In order to relate to a shepherd on the hillside, I had to think of the most marginalized, ill-thought-of people in current society. Not wanting to admit to my own social prejudices, I asked "Google." I typed into the search engine, "most despised people group in American society." The first fifteen (that's what showed up on my page #1) entries popped up the following answer: atheists. I found that intriguing.

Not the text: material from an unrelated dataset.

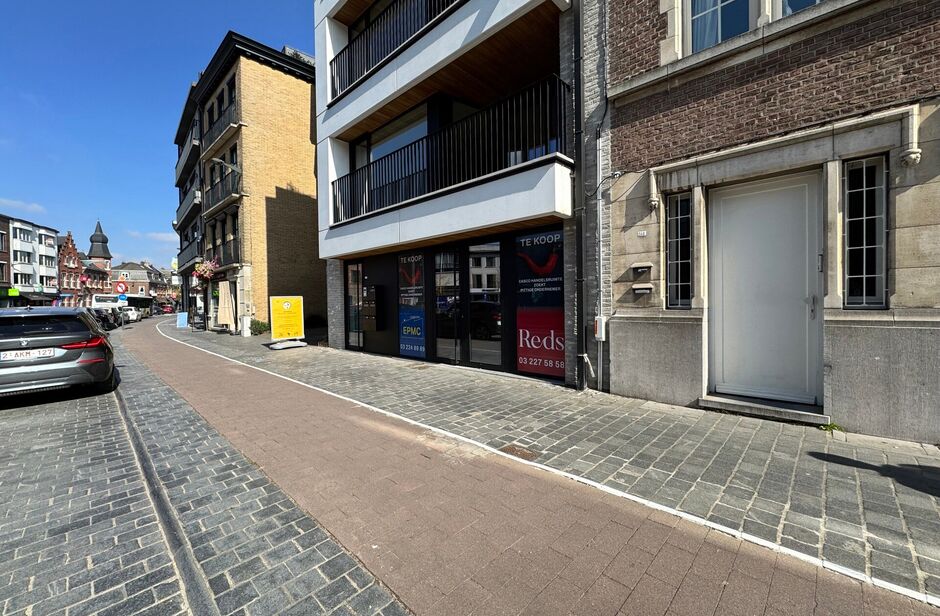 Individuele handelszaak te koop in Brasschaat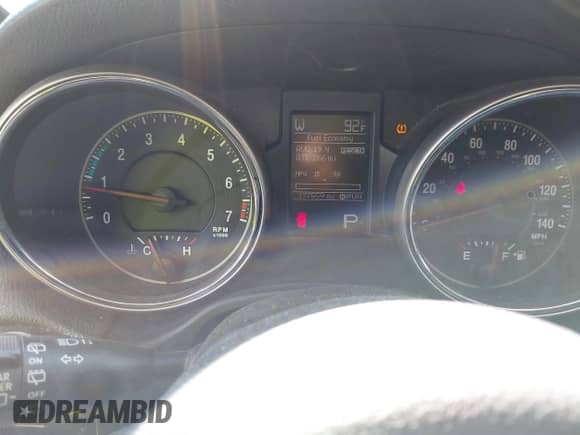 2011 Jeep Grand Cherokee Laredo z VIN 1J4RR4GG4BC586012, wystawiony jako IAAI lot #42973094 z przebiegiem 177 559 mil mil oraz . Historia ofert i sprzedaży dostępna na DreamBid. Obrazek 7.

So, picture a group of atheists sitting on a hillside, chatting about whatever atheists find to chat about, and a group of angels surround them with the birth announcement of a Savior sent from a God-they-don't-even-believe-exists. All of a sudden, we have atheists-no-more! All of a sudden, David Silverman, Peter Singer, Richard Dawkins, Michael Martin (and a host of Hollywood actors & actresses) are showing up in churches and singing the praise of God the Father, and telling unbelievable stories. All of a sudden, the religious leaders of our day are baffled! What's happening? Not only are they baffled, their noses are totally out of joint. God wouldn't unveil the greatest mystery of all time to these men! Don't lose sight of this irony... However, it was the least expected that Jesus came to save. His mission was to move among the lowly and the outcast, to seek and to save the lost! Not the healthy, but the sick, needed the doctor!

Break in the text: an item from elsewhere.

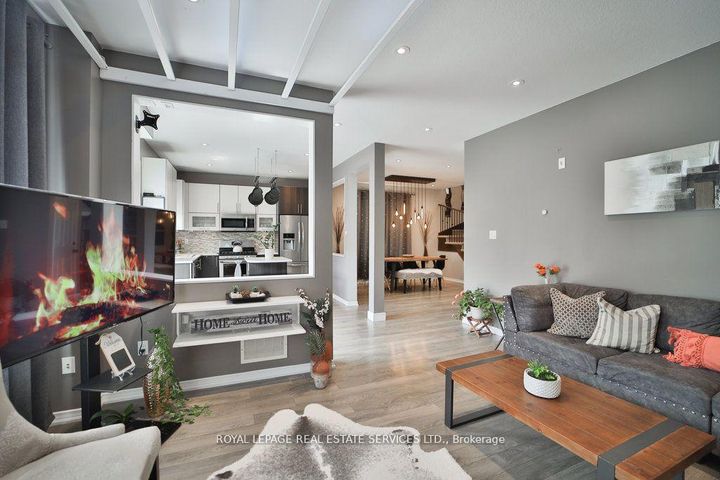 Photo 33 at 15 Mcallistar Drive, Binbrook, Hamilton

To be a shepherd around the manger required a miracle of brokenness. To be a shepherd around the manger meant I recognized my lostness. To be a shepherd around the manger meant that I set aside all my worries about what people thought, and desired to SEE the SAVIOR more than I FEARED REJECTION. To be a shepherd around the manger meant that the safety net found in my identity, even as an outcast, had to be lost, so I could be found. Shepherds breeze in and out of the Nativity Story rather quickly, but what a huge place they hold: the unbelieving believing. They are the second greatest miracle of the Advent!
No wonder they went away glorifying and praising God, and telling the wonderful story of all they had seen and heard!
In many ways, here I am! I am the Shepherd!
**** All credit given to Randy Alcorn, "Shepherd Status" in Come Thou Long-Expected Jesus, Nancy Guthrie, Editor, Crossway Books, 2008, pp. 85-89.